December 17, 2013

HOCKEY: Ex-Portland Pirates coach to lead Canadian Olympic hockey team

Kevin Dineen, who coached Portland for six seasons, will lead Canada’s women’s hockey team to Sochi.

By Mike Lowe mlowe@pressherald.com
Staff Writer

Former Portland Pirates head coach Kevin Dineen has been selected to lead the Canadian women’s Olympic ice hockey team.

click image to enlarge

Gregory Rec/Staff Photographer Kevin Dineen is happy to be back in Portland, this time coaching the Portland Pirates for their new parent team, the Buffalo Sabres. Photographed at press conference at the Cumberland County Civic Center on Tuesday, August 5, 2008.

Dineen, 50, was introduced Tuesday as the team’s new head coach, replacing Dan Church, who resigned last week, less than two months from the start of the Winter Olympics in Sochi, Russia.

Dineen had been fired by the Florida Panthers of the NHL a month ago.

“Things happened pretty quickly,” said Dineen, minutes before stepping onto the ice for his first practice with the team. “I got fired a month ago and spent a number of days over the last couple of weeks deciding what my next step was. I reached out to Team Canada about several positions, but nothing that would happen until after the Olympics.

“Then this happened. I got a phone call over the weekend and immediately expressed interest.’’

Dineen coached the Pirates for six seasons, winning 266 games, losing 155 in regulation and another 59 in either overtime or shoot-outs. The team made the playoffs five of his six years. He was 56-62-28 in parts of three seasons with the Panthers, leading them to the 2012 Southeast Division title.

Scott Smith, Hockey Canada’s chief operating officer, said in a press release, “We’re very excited that Kevin will join the coaching staff of Canada’s national women’s team and bring his unique perspective to the dressing room. Kevin has had success in both the AHL and NHL and we’re looking forward to him being a part of the staff for the final push towards Sochi.”

Dineen takes over a program that has won the last three gold medals at the Winter Olympics. And he knows he has little time to find out what he has for a team.

“It’s going to be a whirlwind,’’ he said. “We’re 52 days from the Opening Ceremonies so it will be a bit of a challenge. But I have an incredible staff here to help me out.’’

The biggest thing he needs to do is to find out what his players can do.

“The first thing I said to the team when I addressed them was that it will take a little time to get to know them,’’ he said. “I’d say it’s probably not a strength of mine putting names to faces in the best of times. Heck, I have four kids and I sometimes forget their names. But within a couple of days I’ll know the players by their skating styles and what they can do with the puck.’’

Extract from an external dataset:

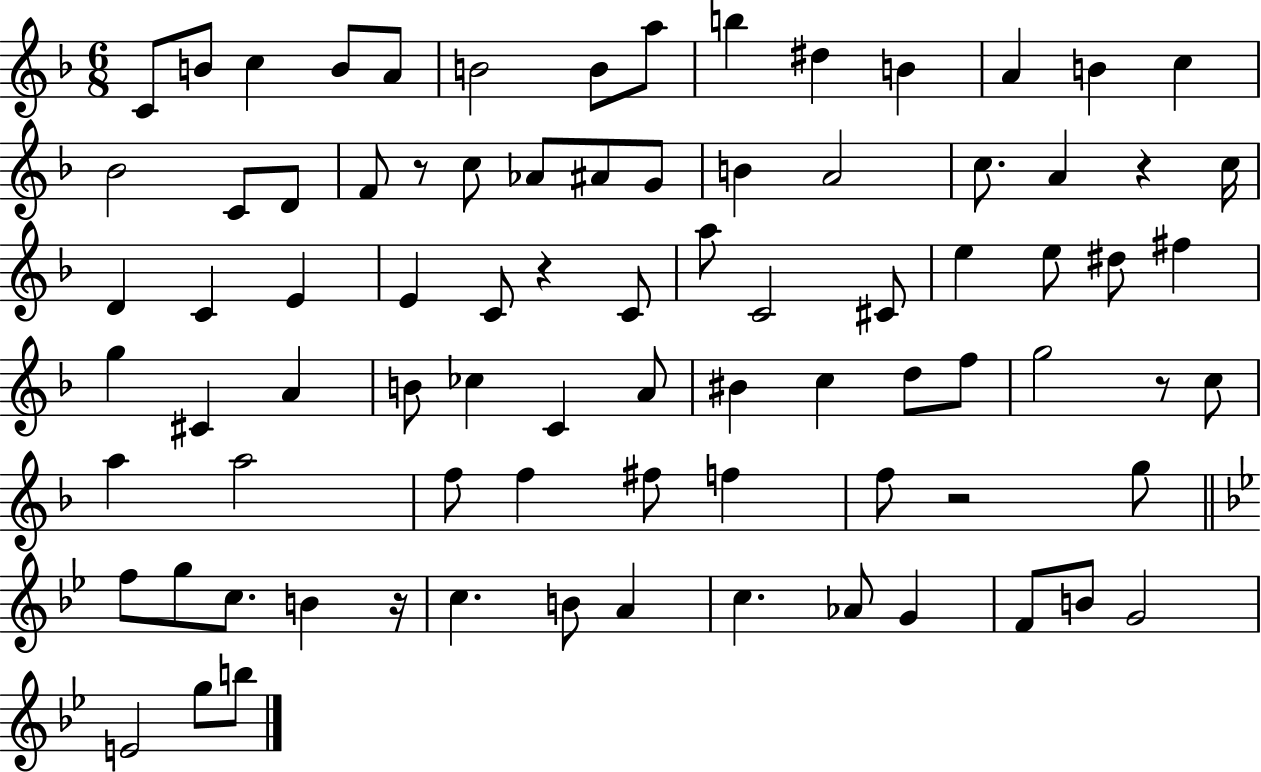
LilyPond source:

Church unexpectedly resigned last week, telling the Canadian Press, “If there isn’t confidence in what I’m doing, I need to step aside and let the team move on.’’

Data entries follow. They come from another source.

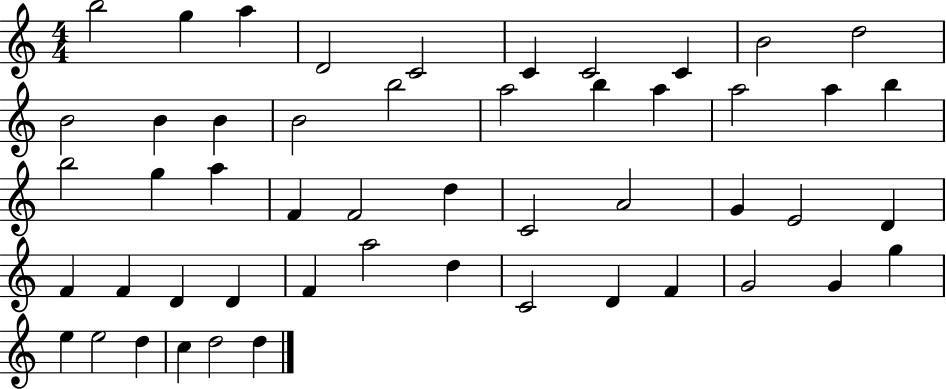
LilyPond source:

{
  \clef treble
  \numericTimeSignature
  \time 4/4
  \key c \major
  b''2 g''4 a''4 | d'2 c'2 | c'4 c'2 c'4 | b'2 d''2 | \break b'2 b'4 b'4 | b'2 b''2 | a''2 b''4 a''4 | a''2 a''4 b''4 | \break b''2 g''4 a''4 | f'4 f'2 d''4 | c'2 a'2 | g'4 e'2 d'4 | \break f'4 f'4 d'4 d'4 | f'4 a''2 d''4 | c'2 d'4 f'4 | g'2 g'4 g''4 | \break e''4 e''2 d''4 | c''4 d''2 d''4 | \bar "|."
}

Team Canada then reached out to Dineen. One of his selling points was that, while his professional coaching experience had always been with men, he had helped coach his daughter Hannah’s team in Maine while he was coaching the Pirates. It was a Maine Select team that competed in tournament’s during the summer.

“I think that not only helped me make this decision, but it easier for the (Team Canada) staff, knowing that I had worked with female athletes,’’ said Dineen. “I’m very excited about this opportunity.’’

So is his daughter, Hannah, now a freshman hockey player at Colby College in Waterville.

“I couldn’t be happier for him,’’ she said. “I know how much he liked coaching my teams growing up.’’

The teams were essentially all-star hockey teams and Dineen volunteered his time, sometimes serving as an assistant on the bench.

“I know we loved having him with us,’’ said Hannah Dineen. “He wasn’t a tough coach, like a lot of people would expect. He was always super laidback and all about us having fun.’’

Kevin Dineen, who played for Team Canada in the 1984 Olympics in Sarajevo, said he knows there will be a difference coaching female players.

“What I’ve found is that with the boys, there is a different physical make-up,’’ he said. “With the girls, you see the same kind of competitive level, the same intensity, but it’s shown on the ice in a different way. The game is entertaining and I’m very excited to work with these female athletes.’’

This will be the first international coaching experience for Dineen. In addition to the Olympics, he also represented Canada six times in international competition, winning a silver medal in the world championships in 1987 and 1993.

Dineen played 1,188 NHL games with Hartford, Philadelphia, Carolina, Ottawa and Columbus, scoring 355 goals and 405 assists.